Graffiti started to make its splash on to the mainstream. The most influential movie for the graffiti movement was the first hip hop motion picture, Wild Style and the Tony Silver documentary, Style Wars, showcased the behind scenes of the bombing world. Books like The Graffiti Hit Parade gave a microscopic view into this misunderstood art form. Graffiti grew on a global level and the impact gave birth to thousands of up-and-coming artists.

Across the Hudson River, New Jersey taggers wanted in on the action. Graffiti began to spread like wild fire and expanded its culture to the urban streets of Jersey City. One of these artists was, Ed Morris, who was inspired while growing up in the 1980’s era and soon began to dip into the arts purest form. After 16 years of tagging and posting up his tagger name, T.Dee was gaining infamy.

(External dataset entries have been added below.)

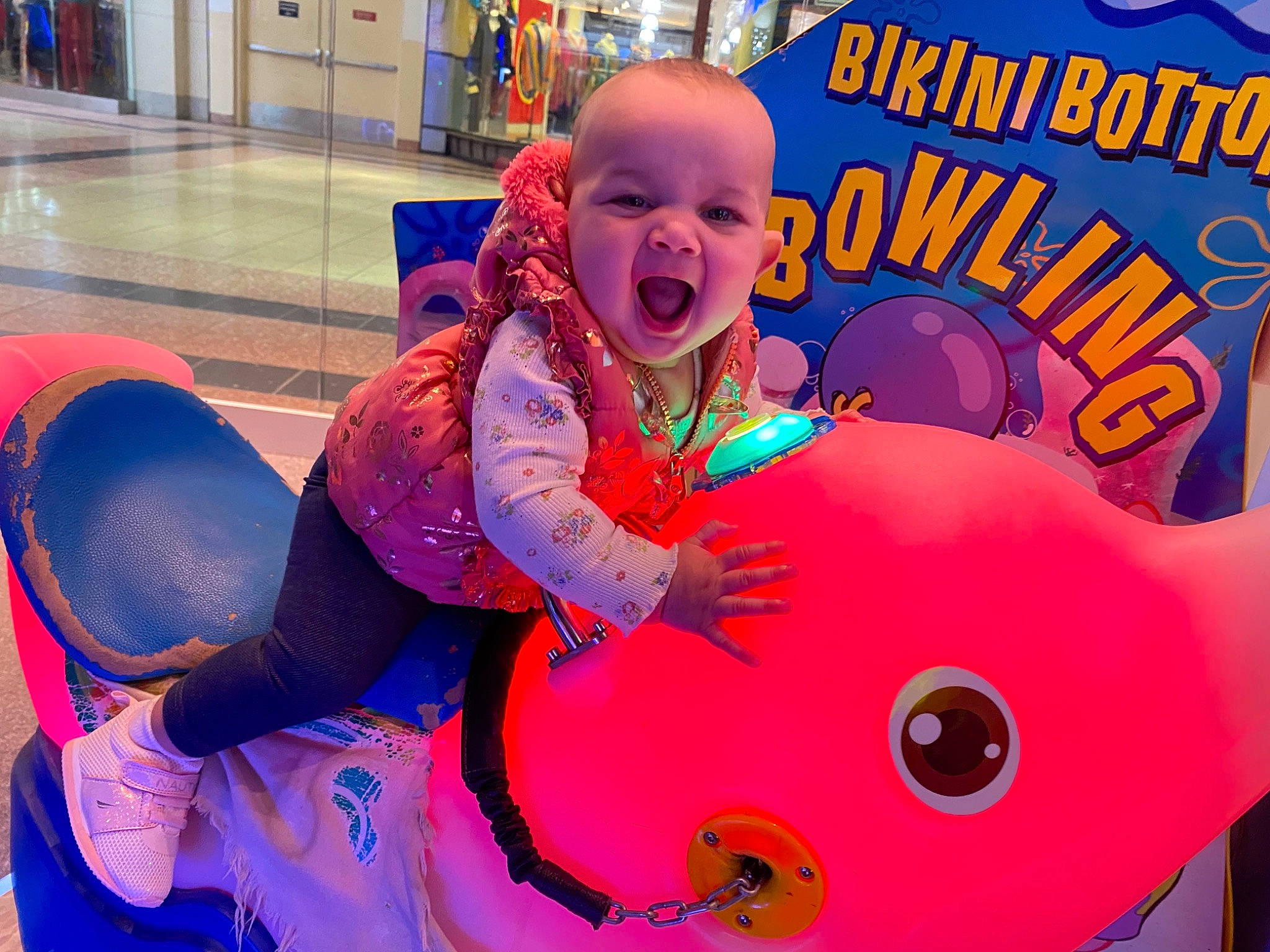 Avni is registered to the contest to win money with this photo: baby, child, event, facial_expression, fun, happy, inflatable, leisure, magenta, mammal, organ, party_supply, person, personal_protective_equipment, pink, play, playground, purple, recreation, smile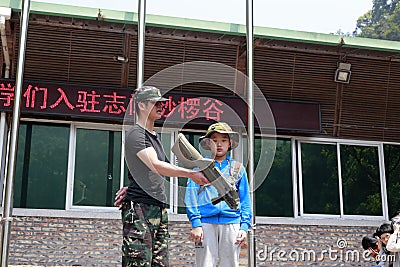 Military training of child Editorial Stock Photo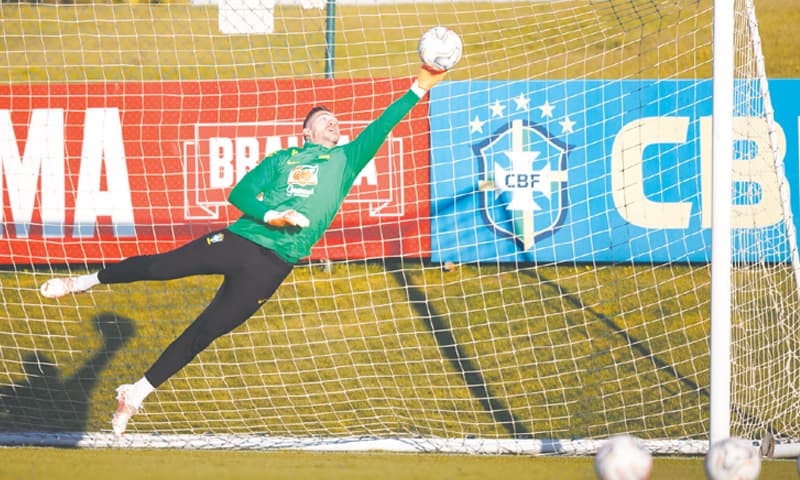 RIO DE JANEIRO: Brazil goalkeeper Ederson makes a save during a training session at the Granja Comary training centre in Teresopolis on Thursday. — AFP
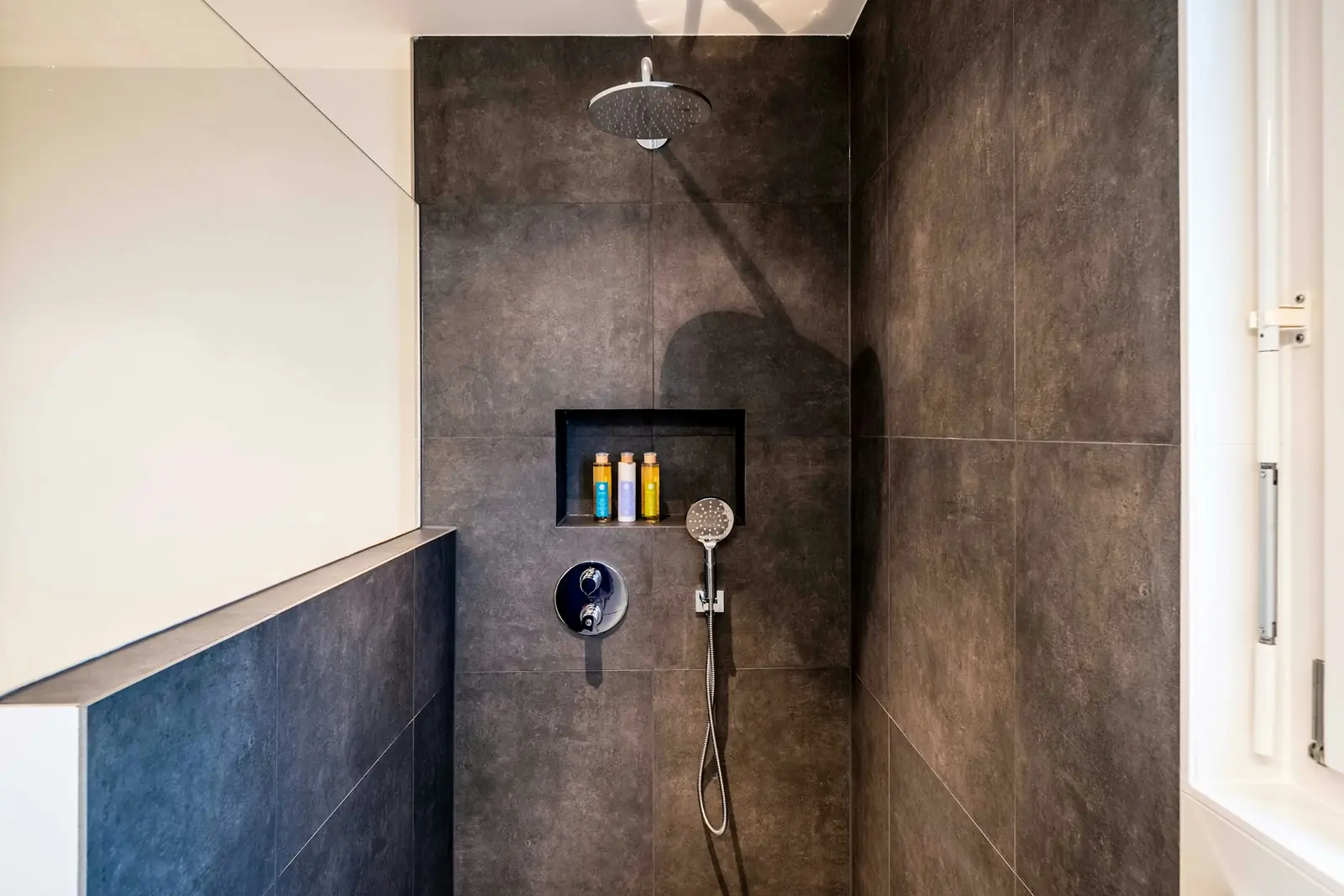 Walk-in shower with dark tiles, a niche and a handheld shower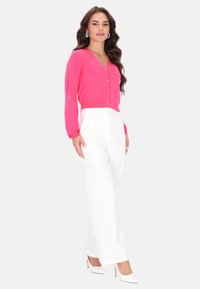 Růžový kardigan s dlouhými rukávy a knoflíky, kombinovaný s bílými kalhotami s vysokým pasem. Modelka má na sobě bílé lodičky. Jednoduchý design, hladká textura.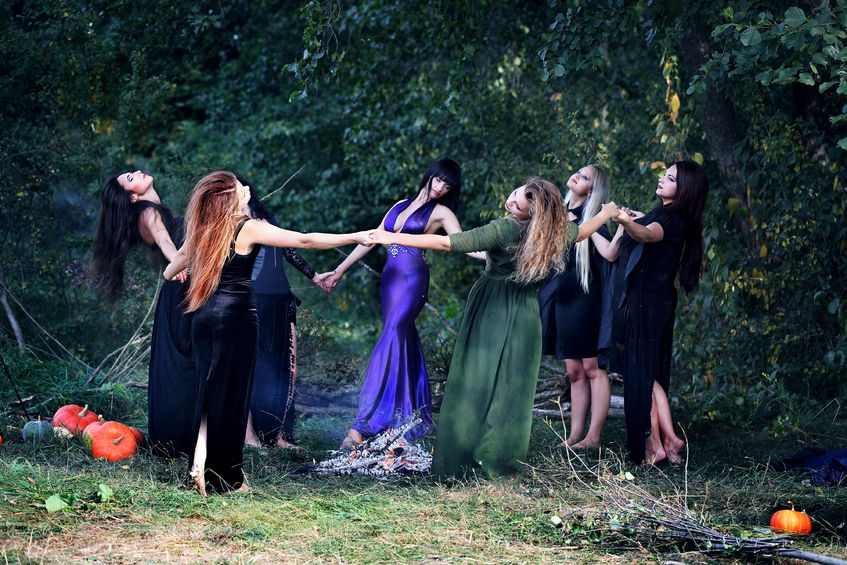 62219687 - young beautiful witches dancing in the forest holding hands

“Before I knew what a graffiti king was, I was aware of them. Names like ARC-SUG, LOVE 67, & P3 were everywhere in Jersey City in the early 80’s as far as I could tell. Every time my horizons expanded a couple more blocks the names were already there. It wasn’t until years later that I first made my mark on the back of a factory wall” says T.Dee.

T.Dee currently uses his talents for a good cause and no longer goes on bombing raids with his painting utensils. He now has become a certified graffiti artist/painter, who gets contracted projects from the Hudson County office and Jersey City business owners. He has several paintings in the business district of Central Avenue.

Another Graffiti artist, Senik, who resides in Paterson, has bombed in parts of Jersey City. He sees graffiti as an escape and a personal discharge that fills a void that is missing in many graffiti artists. Senik became a product of his environment and chose to bomb instead of selling drugs or being involved in gang activity.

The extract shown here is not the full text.